Programs may return a code when they exit. In C this is the value that main returns. By convention, success is 0, failure is non-zero.
Apparently, however, the developers of Robocopy — which is otherwise an exemplary and indispensable utility – didn’t get this memo, which caused a problem that plagued me for 2.5 years.
A bit of background here:
When a database is modified, the database engine writes the changes into the database proper, and also logs the change in aptly-named log files. It’s usual to put the log files on a separate physical volume from the database proper.
This way, if the volume containing the database proper fails, you can take your last backup, merge all the changes recorded in the log files into it, and it’s like nothing ever happened.
The issue here is that the database engine has to know that a backup occurred, at which point it can purge all log files (since you have the database in a consistent state with the transactions in the logs merged in, which makes them irrelevant and unnecessary).
Under the hood a bit here. Windows has the abilities to make shadow copies, which are basically a snapshot of a drive. So you take a snapshot — i.e. make a shadow copy — of a drive, and then you can copy off of it while the drive is still being used.
This is a great way to backup production servers. But what if you take a snapshot with a file to be backed up in an inconsistent state? And if you create a shadow copy and then copy it, how does a database engine know you created a backup?
For this reason, database engines have a VSS writer, which the shadow copy service can contact and notify about copies. When you create a shadow copy, the write is notified, and can delay the snapshot until it’s placed the files it controls in a consistent state. When you use a shadow copy to make a backup, the writers are notified and can purge logs.
The way you can do this simply and easily is with a command line utility present in Server 2008 and Server 2008 R2 — DiskShadow.
DiskShadow can operate unattended by running from a DSH file, which is essentially a script that runs within DiskShadow.
Here’s what one looks like:
set verbose on
#delete shadows all
set context persistent
writer verify {76fe1ac4-15f7-4bcd-987e-8e1acb462fb7}
set metadata C:\Backup_Scripts\shadowmetadata.cab
begin backup
add volume C: alias SH1
create
expose %SH1% P:
exec C:\Backup_Scripts\exchangeserverbackupscript1.cmd
end backup
delete shadows exposed P:
exit
(A detailed explanation of the above can be found here.)
The important lines are “begin backup” and “end backup”. These cause VSS writers to be notified. And assuming success, on “end backup” will cause log files to be purged automatically.

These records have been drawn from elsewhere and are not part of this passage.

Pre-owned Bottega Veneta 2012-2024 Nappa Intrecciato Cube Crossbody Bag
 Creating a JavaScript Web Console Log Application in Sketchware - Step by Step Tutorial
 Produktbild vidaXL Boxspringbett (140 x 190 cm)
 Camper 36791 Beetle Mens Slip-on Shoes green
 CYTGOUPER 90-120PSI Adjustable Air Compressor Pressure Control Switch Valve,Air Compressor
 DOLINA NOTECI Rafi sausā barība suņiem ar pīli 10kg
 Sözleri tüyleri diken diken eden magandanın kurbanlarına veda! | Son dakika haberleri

However, when Robocopy returned 1 — causing the script containing it to return 1 also — DiskShadow thought the backup had failed, and therefore my Exchange — which is what was being backed up (its write has the identifier seen above) — thought the backup had failed, and therefore believed that I didn’t have a copy of the database in a consistent state, and therefore kept every log file for 2.5 years, which accumulated to 45 gigabytes.
For comparison, the database itself is only ~5 gigabytes.
The solution? Filter Robocopy’s return codes, as follows:
robocopy "P:\Program Files\Microsoft\Exchange Server\Mailbox\First Storage Group" "\\leahyfs\J$\E-Mail Backups\Day 1" /MIR /R:0 /W:0 /COPY:DT /B
IF ERRORLEVEL 1 exit /B 0
exit /B 1
You’ve been warned…